Fear and Present Danger

By Jeffrey M. Anderson

An insanely bloody anthology horror movie by five diverse directors, Phobias offers a much cleverer structure than usual; it's ambitious as well as playful, and it all seems like a single, cohesive piece.

A Korean man, Johnny (Leonardo Nam) lives a solitary life taking care of his ailing father, and enduring racist attacks from local thugs. Online, he is approached by an unknown entity, asking to be his friend. Johnny reluctantly agrees, discovering that his new friend has special powers. But there's a price to pay.

Then, Johnny wakes up in a kind of prison/science lab where he meets four others — criminal Sami (Hana Mae Lee), teacher Emma (Lauren Miller Rogen), ex-cop and single mom Alma (Martina García), and architect Renee (Macy Gray) — and hears their stories of crimes committed, based on their fears, or phobias. Meanwhile, the sinister Dr. Wright (Ross Partridge) runs diabolical experiments on the prisoners, literally extracting their fears to be used as a weapon. Can Johnny and the others escape?

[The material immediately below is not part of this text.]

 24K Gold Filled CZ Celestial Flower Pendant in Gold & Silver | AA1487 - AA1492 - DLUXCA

Most horror anthologies have a loose, thin wraparound idea that ties together its stories, but Phobias jumps right in to one of the stories, and then brings it around to the central story. This time the central story is the actual point, rather than a connective tissue. It's a dark movie, though, with very few actually scary parts. It instead focuses on panic, violence, obsession, and the concept of fear, even if it's a bit sticky about letting viewers get inside the characters' heads.

For example, the five phobias are not explained, but it's possible to guess that "Robophobia" is the fear or robots or artificial intelligence, "Vehophobia" is the fear of driving, "Ephebiphobia" is the fear of teenagers, "Hoplophobia" is the fear of firearms, and "Atelophobia" is the fear of imperfection.

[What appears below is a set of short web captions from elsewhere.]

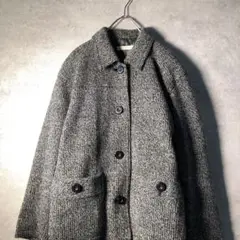 【ヴィンテージ】レトロ モノトーン ニットコート 毛混 古着 used W25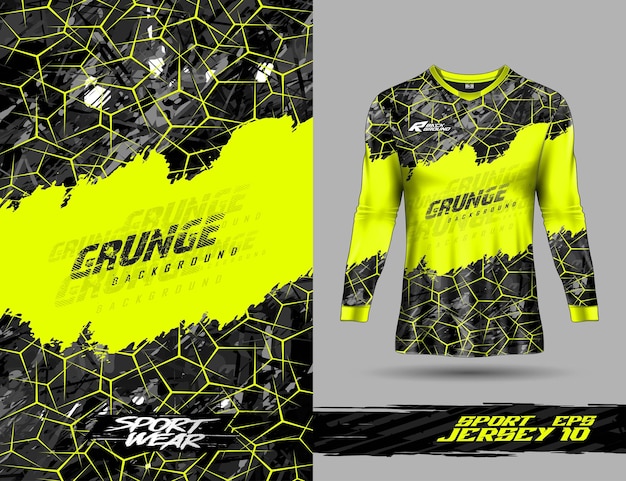 plantilla de camiseta de manga larga para deportes extremos trasfondo camisa de carreras diseño camisa de fútbol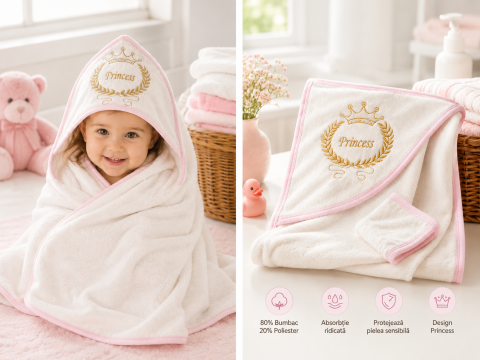 Prosoape - Prosop cu gluga pentru bebelusi, RUKEN BEBE, roz, 1-12 luni, 75x75 cm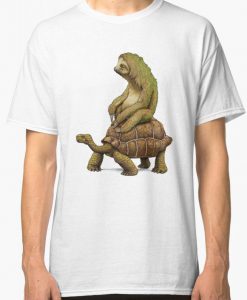 Sloth Riding A Turtle Funny T-Shirt, Men's and Women's Sizes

The five filmmakers are comprised of three women — one is the actor Camilla Belle, making her writing and directing debut — and two people of color. They all employ smart construction, clever casting (the pop star Macy Gray gives a truly odd, lurching performance as the woman with Atelophobia), and fluid storytelling. Only the ending of Phobias seems a little off, and not quite up to the level of the rest of it.